Messy characters are only a minor bug, perhaps even a feature depending on your preference in romances like this, but Changes of Heart does have more fundamental issues. Perhaps appropriately for the story being laid out here, its biggest problem is with commitment. A lot of times Changes of Heart comes off like it earnestly wants to be an awkwardly cute story of two childhood friends stumbling through properly dating each other, but then it occasionally shifts into spontaneously being a steamy, complex sequence of sexy impulses. It floats the idea that Koyori had previously been sexually frustrated, which could be an interesting angle, but doesn't feel explored enough through this volume. The sex instead almost feels tacked on in a couple places, even being at odds with the lighter stumbles of the rest of the relationship these two are navigating. But then instead of devoting more of the story to navigating those relationship ins and outs, the brisk-feeling volume instead spends precious page-time on Koyori being overly ponderous over her feelings on the hookup. And that's all without even getting into elements like Koyori's ex-boyfriend, who only shows up for a couple brief moments of motivating drama to make you question why he's kept around as an element at all.

That said, in spite of the poorly-advised moment it opens on and uneven going throughout, I think KUJIRA might have something here with Changes of Heart. But much like its leads, the story needs to actually settle down and figure out exactly where it's going, what it actually wants to be about, before it continues racing off in several odd, awkward directions.


Jean-Karlo Lemus

Rating:

Changes of Heart is the story of Koyori and Hijiri, childhood friends in their mid-twenties who've just had a one night stand with each other. They've seen each other break up countless times and on a lark, they've decided to hook up to see how things work—if at all, they can. Koyori is worried that adding sex into the mix might ruin their friendship, and isn't even sure how she can start acting like a girlfriend around someone she's known her whole life and sees as a brother. Hijiri, on his part, struggles with making his intentions clear and getting Koyori to see him as a man. He understands her body, but can he understand her heart?

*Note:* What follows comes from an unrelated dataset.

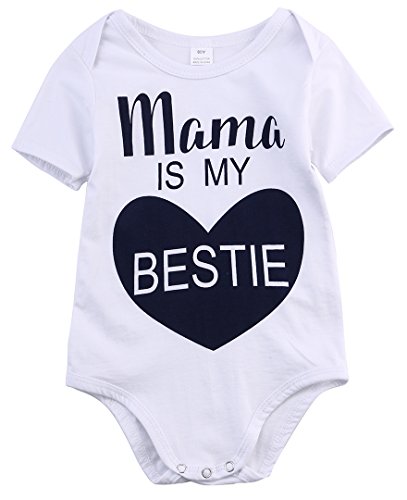 Baby Girls Short Sleeve Mama Is My Bestie Bodysuit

It's nice to see a romance story featuring adults, and the “childhood friends to lovers” angle is always cute, but Changes of Heart doesn't really do anything particularly new. Koyori is twice shy, Hijiri is enigmatic and distant, and when the volume ends they're both taking their first shaky steps into making the relationship work—starting with a vacation to a hot spring resort where they'll no doubt make whoopee. It's a cute set-up, for sure, and it's refreshing to read something that's so frank about adults having sex lives, but there's no real hook to the story outside of this being adults who sleep with each other before the first date, and as one of Koyori's coworkers points out, even that isn't all that new for adults these days. Changes of Heart is cute and inoffensive, but it desperately needs a shot to the heart and pick up the pace.